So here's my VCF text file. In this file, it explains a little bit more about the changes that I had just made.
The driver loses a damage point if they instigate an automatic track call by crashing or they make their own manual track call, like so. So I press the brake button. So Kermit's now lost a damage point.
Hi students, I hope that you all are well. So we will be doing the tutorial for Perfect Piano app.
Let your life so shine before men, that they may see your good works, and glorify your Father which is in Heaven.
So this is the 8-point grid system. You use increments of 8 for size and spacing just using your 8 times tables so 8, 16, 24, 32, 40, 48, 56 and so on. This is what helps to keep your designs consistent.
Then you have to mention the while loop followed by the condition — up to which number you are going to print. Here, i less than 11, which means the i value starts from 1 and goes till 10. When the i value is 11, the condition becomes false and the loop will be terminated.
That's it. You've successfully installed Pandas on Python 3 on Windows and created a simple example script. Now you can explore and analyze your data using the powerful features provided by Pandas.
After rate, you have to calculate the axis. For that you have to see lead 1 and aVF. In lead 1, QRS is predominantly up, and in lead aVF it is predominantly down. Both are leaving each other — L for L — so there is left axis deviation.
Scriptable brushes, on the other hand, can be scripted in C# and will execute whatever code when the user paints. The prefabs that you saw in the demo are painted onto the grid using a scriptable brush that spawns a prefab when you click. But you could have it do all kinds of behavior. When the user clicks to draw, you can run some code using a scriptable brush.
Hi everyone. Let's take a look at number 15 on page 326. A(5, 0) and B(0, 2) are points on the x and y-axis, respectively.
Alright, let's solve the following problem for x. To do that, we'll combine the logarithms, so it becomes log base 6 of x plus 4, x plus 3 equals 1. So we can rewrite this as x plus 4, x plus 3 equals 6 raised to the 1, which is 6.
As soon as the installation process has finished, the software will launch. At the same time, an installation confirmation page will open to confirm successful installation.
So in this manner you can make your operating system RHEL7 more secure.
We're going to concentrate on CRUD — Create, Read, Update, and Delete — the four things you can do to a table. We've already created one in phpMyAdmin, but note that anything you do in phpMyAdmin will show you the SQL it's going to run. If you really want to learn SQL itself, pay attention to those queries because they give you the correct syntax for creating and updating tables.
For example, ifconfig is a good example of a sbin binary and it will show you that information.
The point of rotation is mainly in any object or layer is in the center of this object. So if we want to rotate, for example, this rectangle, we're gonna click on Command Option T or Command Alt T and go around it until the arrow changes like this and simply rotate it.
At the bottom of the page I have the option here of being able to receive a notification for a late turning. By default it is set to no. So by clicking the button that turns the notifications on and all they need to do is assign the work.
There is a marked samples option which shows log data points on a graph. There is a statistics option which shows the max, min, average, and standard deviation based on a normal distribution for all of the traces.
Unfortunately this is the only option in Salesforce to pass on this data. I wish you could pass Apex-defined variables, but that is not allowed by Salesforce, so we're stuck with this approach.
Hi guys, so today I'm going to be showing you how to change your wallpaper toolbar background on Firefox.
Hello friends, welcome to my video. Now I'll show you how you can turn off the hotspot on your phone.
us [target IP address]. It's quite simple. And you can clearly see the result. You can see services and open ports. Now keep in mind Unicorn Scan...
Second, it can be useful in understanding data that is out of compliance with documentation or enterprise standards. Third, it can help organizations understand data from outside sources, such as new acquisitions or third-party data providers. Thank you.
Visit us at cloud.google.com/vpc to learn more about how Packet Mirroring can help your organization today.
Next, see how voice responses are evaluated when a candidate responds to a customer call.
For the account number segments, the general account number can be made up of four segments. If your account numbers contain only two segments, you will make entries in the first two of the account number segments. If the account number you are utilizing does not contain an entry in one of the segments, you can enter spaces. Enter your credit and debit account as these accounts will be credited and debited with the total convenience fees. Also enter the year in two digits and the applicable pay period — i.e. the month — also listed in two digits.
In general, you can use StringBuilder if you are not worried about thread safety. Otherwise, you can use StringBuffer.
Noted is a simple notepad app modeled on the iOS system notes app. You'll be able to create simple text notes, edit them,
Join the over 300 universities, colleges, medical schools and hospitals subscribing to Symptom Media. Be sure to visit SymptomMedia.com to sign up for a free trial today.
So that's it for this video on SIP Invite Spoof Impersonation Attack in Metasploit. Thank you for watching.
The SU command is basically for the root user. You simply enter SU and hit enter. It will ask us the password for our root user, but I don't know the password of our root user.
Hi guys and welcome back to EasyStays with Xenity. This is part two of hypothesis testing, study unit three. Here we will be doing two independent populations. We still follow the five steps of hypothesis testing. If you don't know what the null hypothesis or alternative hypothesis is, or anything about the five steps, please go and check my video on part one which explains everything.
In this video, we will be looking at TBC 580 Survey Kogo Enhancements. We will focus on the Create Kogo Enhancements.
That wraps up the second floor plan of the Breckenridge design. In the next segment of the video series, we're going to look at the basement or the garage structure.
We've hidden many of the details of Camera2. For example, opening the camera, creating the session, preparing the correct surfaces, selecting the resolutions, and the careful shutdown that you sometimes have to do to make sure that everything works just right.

★ ★ ★ ★ ★ ★ ★

Work instruction: Lines in the data that include the word "text" should all be copied.

Result of this task:
So here's my VCF text file. In this file, it explains a little bit more about the changes that I had just made.
Noted is a simple notepad app modeled on the iOS system notes app. You'll be able to create simple text notes, edit them,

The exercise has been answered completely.